At Pier 25, a Quiet Finale to an Unfathomable Job


  Two weeks before the city ceremoniously ended its recovery operation at Ground Zero, the barge men of Pier 25 had a little ceremony of their own.

Here on the Tribeca waterfront, where 1.1 million tons of mangled steel and unrecognizable debris had been offloaded around the clock for eight months, the last of more than 60,000 truckloads had come and gone. The remaining crane, one of the two that had hoisted it all onto barges, would soon be tugged away. It was time to mark the end of the cleanup operation on Pier 25.

At this ceremony, on the bright afternoon of May 15, there were no speeches. Just a cookout and some group photos. Then, as the workers stared silently, Jerard Geary locked the steel jaws of his excavator onto the roofs of the two small wooden shacks that had been their shelter for all those months, and in a matter of seconds the machine smashed the sheds into scrap.


  John Devlin followed with his front-end loader, pushing the wood into a single pile, the last debris to be carted away from Pier 25. Somewhere amid the splintered wood were the spray-painted words: "Some gave all, all gave some."

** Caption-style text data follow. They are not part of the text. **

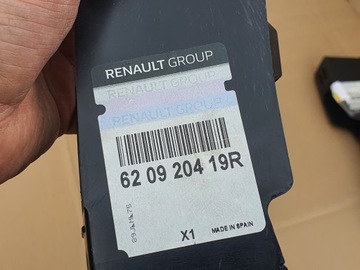 RENAULT CAPTUR КРЕПЛЕНИЕ БАМПЕРА СДВИЖНОГО, СПРАВА СЛЕВА СПЕРЕДИ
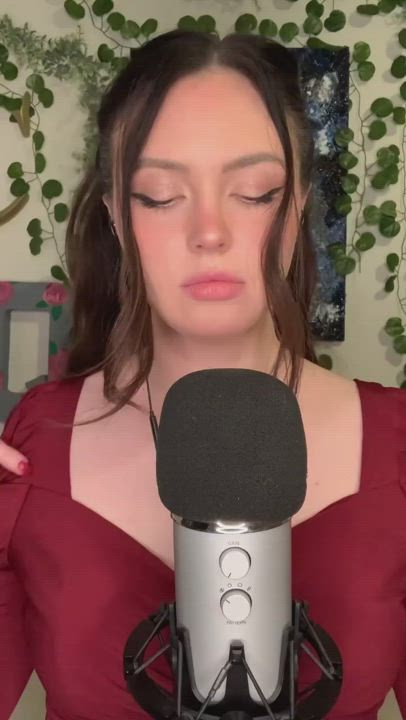Quantum ASMR really went for it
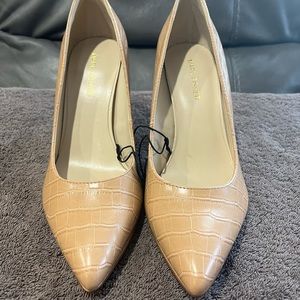 Marc fisher 3 inch heel nude snakeskin size 8 1/2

"There goes our home, Tommy. No more shanty left," Robert Lang, who maintained the heavy equipment from the beginning, said to dockbuilder Tommy Vario.

"I hope all the families get closure some time, some way," said Mike Mazzei, who had directed the seemingly unending caravan of trucks since September.









  "It’s over," the men kept saying, and some talked of their relief that the 12-hours-a-day, seven-day work weeks were over. But not everyone.

"I started work at 19 and I’ve never liked my job," said dockbuilder foreman Danny Harkin, 43. "This is one job I got up and came to work every day and I was happy to come to work.

"The only good thing about me leaving here is I get to reacquaint myself with my son," added Harkin, the single father of a 15-year-old.

There was still some final business to attend to. The 100 cubic yards of sand on the pier’s volleyball court had to be replaced before the barge and the crane and the crews could leave for good on May 17. No sooner would they be gone than bikers and joggers would appear—for the first time since that sunny Sept. 11 morning—along what had been their waterfront bike path.

"I can’t believe it’s over," Harkin said, shaking his head. "It might take me a week or two to realize what really went on."